Yep. Yep. So, so just as a little bit of background for folks. So in 2021, we acquired a home insurance carrier, called HOA, Homeowners of America. And one of the things we really liked about their, that business is they had 15 years of historical claims data, and a really healthy financial position that we were able to, you know, leverage and then, you know, introduce the data that we have from the inspection report. And so, as a quick example, one that we often use is, you know, water heater location is an indication of the expected claims that you're gonna pay out on an insurance policy, which should then feed into how much- how you should price that policy.

So as an example, you know, if your water heater is located in the attic and the thing busts, then, you know, it's gonna be a $10,000 claim. Obviously, it depends, but, you know, that's just an example. If it's in the garage, it's gonna be, you know, $200 to clean it up. And so by knowing that one parameter, our underwriters are able to feed that into their historical claims data and use their algorithm to properly price that policy. Now, other folks aren't gonna have the extent of data that we have, obviously, 'cause they don't have this 40-page inspection report, which, you know, in detail, lists out where's the hot water heater? What's the piping? Which matters when you have freeze events, what type of piping you have.

What's the what type of flooring do you have? What's the condition of the roof? And so we can you know insert all that data into our underwriting models. And the basic idea is that, you know, we price the policies, we win, we win the customers that are better customers because there's less risk for those folks, 'cause we know all these conditions. And you know we will price higher the other policies, and so we may not win those customers, but then they go to one of our competitors, and that's okay. So I think that that's the opportunity there.

I think from a, you know, being introduced to the customer, you know, we've talked about the opportunity to, you know, not have to pay exorbitant marketing costs, and also have the fluctuations that come with marketing online or, you know, via television commercials. 'Cause those markets can also, you know, move up and down, pretty quickly as well. So, it's both a CAC advantage, and, what I think of simply as a product advantage.
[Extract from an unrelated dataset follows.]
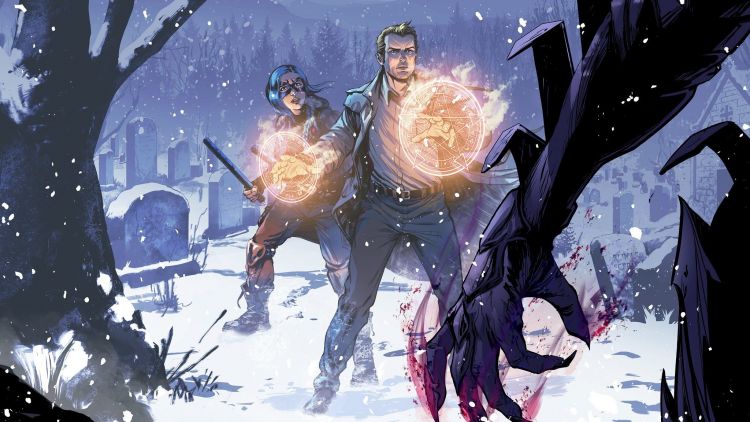  - DC Universe Online fhrt nchste Woche neue kapitelbasierte Handlungsstrnge ein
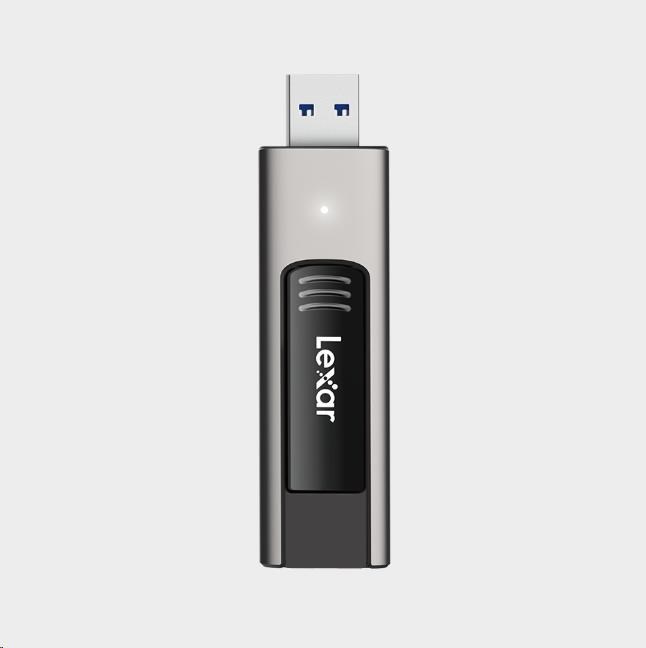 Lexar JumpDrive M900 Flash Drive Black, R300 W50 (USB 3.1) 64GB1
The product being, you know, the actual insurance policy and underwriting it, itself.

Moderator

Yeah, makes sense. So-

Shawn Tabak
CFO, Porch

One other thing, sorry, that you mentioned was the opportunity for capital. So one of the things that we've been focused on in the business is shifting toward a reciprocal structure, which is a structure where we would effectively, you know, sell the homeowners' insurance business to a reciprocal entity that would be owned by the policyholders. And then we would simply provide, you know, management services to the home insurance carrier and that Reciprocal Exchange. And so our P&L shifts from what we have today, where we have actual claims hitting our cost of revenue and, you know, paying commissions when we have to, you know, acquire a policy.
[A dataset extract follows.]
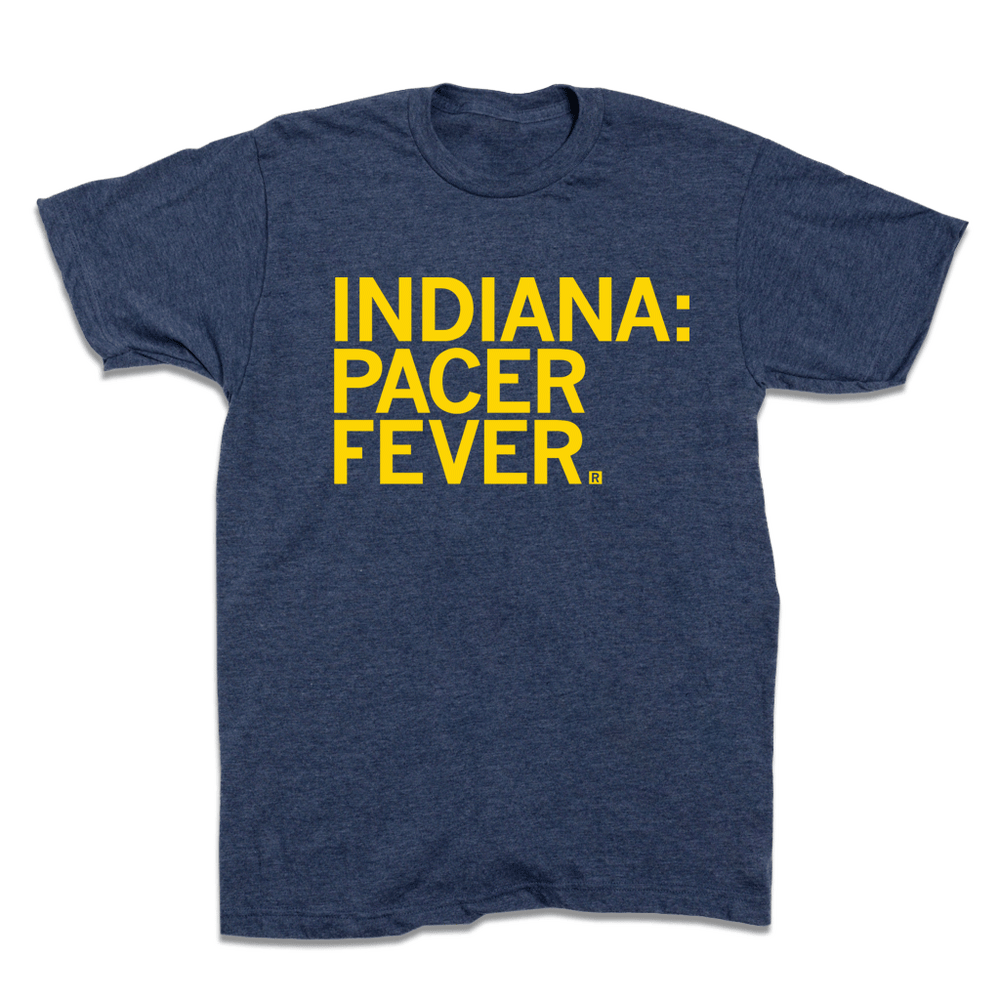 Indiana: Pacer Fever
It shifts to a fairly stable model of, you know, having service revenue as a percentage. It's a take rate, as a percentage of the premiums that the insurance carrier writes. And our expenses are simply, you know, paying our employees. So from our perspective, there's a number of benefits to that model. One of them is, you know, the ability to more efficiently raise capital into the insurance business, where we could raise what's called a surplus note. And that helps fund the insurance business and the growth in the insurance business. And we mitigate our volatility because the weather is, you know, and the claims that we have are being absorbed by that entity. We're simply getting a fee for managing it.

Moderator

Yeah, um-

Speaker 3

[audio distortion]

Shawn Tabak
CFO, Porch

Yep. The question was, what's the timeline on the reciprocal or the reciprocal interest?

Speaker 3

[audio distortion]

Shawn Tabak
CFO, Porch

Yeah. So the question, so the timeline for the reciprocal, at this point, we've said, in 2024, is what we are focused on in targeting.

Moderator

Yeah, and so getting into that reciprocal, to me, that feels like also an important moment for the stock. 'Cause, like, part of the issue over the last year or so has been you're having to move around the percent of premiums that you're retaining as risk, right? And so when you retain more risk and there's a loss event, it blows up gross margins, right? And so, like, if you feel like it's a software technology company with an insurance angle or vice versa, if gross margins get evaporated, people don't like that, obviously, right? And it creates, to your point, a lot of volatility in the P&L.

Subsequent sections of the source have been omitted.